L’analyse classique du chômage : un coût du travail trop élevé
L’analyse classique du chômage : un coût du travail trop élevé
Pour les classiques, le chômage est dû à des salaires trop élevés.
Les entreprises vont être réticentes à embaucher au vu du coût des salaires : les travailleur·se·s, moins nombreux, ne pourront pas produire suffisamment, si bien que l’offre de biens et services sera insuffisante. De plus, ces salaires étant jugés trop élevés, la rentabilité apparaîtra insuffisante, ce qui dissuadera les entreprises d’embaucher, créant du chômage.
Par contre, si la demande de travail (qui émane des employeur·se·s, à la recherche de main-d’œuvre) baisse, le besoin en travailleur·se·s sera moins important et les salaires diminueront. Le coût des salaires étant moins élevé, les entreprises vont augmenter leurs demandes : lorsque l’équilibre sera atteint, le chômage disparaîtra (mais avec des salaires bas).

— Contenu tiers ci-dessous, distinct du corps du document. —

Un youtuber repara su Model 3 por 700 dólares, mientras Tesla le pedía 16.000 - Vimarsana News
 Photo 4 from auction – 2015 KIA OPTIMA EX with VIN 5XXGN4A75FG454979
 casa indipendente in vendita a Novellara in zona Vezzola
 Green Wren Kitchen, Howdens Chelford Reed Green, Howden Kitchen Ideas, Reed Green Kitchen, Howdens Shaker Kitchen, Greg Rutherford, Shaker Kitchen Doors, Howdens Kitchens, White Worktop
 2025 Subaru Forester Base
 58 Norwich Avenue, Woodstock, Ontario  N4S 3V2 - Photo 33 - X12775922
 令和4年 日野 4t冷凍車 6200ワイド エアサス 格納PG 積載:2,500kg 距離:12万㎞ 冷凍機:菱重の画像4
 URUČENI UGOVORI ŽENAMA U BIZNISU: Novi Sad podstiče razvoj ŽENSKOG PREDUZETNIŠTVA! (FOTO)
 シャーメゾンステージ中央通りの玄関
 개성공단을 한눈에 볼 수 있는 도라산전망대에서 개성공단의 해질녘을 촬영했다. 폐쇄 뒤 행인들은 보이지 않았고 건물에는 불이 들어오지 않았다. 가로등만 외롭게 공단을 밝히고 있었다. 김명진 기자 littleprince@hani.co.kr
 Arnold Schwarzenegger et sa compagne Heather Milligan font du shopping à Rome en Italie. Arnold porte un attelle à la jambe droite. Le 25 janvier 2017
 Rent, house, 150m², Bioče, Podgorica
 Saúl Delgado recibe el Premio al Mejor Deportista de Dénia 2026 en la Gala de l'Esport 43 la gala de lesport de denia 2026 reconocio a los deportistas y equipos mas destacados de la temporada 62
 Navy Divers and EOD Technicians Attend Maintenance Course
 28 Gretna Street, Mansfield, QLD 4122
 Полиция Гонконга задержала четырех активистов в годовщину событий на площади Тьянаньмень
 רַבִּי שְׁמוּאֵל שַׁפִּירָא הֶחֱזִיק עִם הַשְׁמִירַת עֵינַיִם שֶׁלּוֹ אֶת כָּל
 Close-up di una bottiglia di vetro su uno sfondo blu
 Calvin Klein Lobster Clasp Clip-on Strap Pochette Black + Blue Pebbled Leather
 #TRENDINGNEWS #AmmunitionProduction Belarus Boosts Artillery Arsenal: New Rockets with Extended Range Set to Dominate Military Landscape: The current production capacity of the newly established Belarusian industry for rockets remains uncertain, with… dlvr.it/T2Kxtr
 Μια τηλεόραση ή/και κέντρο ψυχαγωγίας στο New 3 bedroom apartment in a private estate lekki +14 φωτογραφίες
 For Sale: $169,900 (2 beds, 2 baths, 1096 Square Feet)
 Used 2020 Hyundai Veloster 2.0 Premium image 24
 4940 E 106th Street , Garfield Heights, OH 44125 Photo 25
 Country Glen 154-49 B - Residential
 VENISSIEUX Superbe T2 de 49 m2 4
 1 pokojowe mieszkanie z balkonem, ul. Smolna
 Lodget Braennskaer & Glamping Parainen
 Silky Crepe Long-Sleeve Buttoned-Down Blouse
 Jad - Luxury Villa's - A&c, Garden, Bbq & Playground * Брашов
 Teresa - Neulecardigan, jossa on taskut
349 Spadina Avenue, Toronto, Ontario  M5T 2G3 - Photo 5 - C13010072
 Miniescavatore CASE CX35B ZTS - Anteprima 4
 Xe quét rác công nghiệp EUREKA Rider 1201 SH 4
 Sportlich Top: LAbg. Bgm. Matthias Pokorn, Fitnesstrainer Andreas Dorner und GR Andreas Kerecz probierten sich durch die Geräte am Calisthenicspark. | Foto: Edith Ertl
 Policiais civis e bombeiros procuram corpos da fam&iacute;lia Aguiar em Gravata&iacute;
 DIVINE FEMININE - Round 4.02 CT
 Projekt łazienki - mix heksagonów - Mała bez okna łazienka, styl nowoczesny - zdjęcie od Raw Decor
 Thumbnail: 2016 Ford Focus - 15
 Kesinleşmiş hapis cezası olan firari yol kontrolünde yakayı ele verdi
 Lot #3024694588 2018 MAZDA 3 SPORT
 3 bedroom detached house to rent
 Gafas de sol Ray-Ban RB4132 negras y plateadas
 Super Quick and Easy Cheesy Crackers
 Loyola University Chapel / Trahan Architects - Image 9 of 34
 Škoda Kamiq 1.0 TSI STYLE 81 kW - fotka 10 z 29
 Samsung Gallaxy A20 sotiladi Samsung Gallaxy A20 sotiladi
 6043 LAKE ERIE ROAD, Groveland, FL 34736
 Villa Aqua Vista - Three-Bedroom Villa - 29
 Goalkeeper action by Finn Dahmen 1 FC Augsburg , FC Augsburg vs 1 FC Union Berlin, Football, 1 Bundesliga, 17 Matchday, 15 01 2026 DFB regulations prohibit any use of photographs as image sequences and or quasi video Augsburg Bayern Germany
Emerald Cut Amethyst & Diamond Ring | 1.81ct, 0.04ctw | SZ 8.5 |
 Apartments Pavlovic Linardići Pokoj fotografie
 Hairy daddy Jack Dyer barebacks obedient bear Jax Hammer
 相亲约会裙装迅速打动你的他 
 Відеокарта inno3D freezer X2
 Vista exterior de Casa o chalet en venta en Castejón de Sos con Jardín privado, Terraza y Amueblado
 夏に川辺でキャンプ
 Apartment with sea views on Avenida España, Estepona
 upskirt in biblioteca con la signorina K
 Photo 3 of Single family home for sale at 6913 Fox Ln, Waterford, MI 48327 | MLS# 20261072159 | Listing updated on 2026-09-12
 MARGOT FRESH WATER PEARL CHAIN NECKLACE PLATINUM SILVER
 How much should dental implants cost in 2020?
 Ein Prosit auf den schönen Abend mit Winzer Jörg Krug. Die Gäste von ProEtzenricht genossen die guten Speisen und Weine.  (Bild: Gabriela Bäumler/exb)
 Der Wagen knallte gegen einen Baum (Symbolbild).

En somme, pour les classiques, le marché doit s’autoréguler, sans que l’État n’intervienne.
Le chômage keynésien et les politiques de relance
Le chômage keynésien et les politiques de relance
Pour les keynésiens, ce n’est pas la baisse de la demande qui entraîne une baisse des prix, mais une baisse de l’offre.
Lorsque les entreprises diminuent leur demande de main-d’œuvre (entraînant une baisse des salaires), elles produisent moins. Aussi, il ne suffirait pas de baisser les prix (notamment en diminuant le coût du travail en offrant des salaires plus bas) comme le préconisent les classiques. Au contraire, selon lui, il faut augmenter les salaires pour faire baisser le chômage, permettant ainsi aux individus de consommer davantage (augmentation de la demande).
Ce faisant, les entreprises devront produire plus pour répondre à cette demande, et donc embaucher davantage pour assurer la production, ce qui contribuera à faire baisser le chômage.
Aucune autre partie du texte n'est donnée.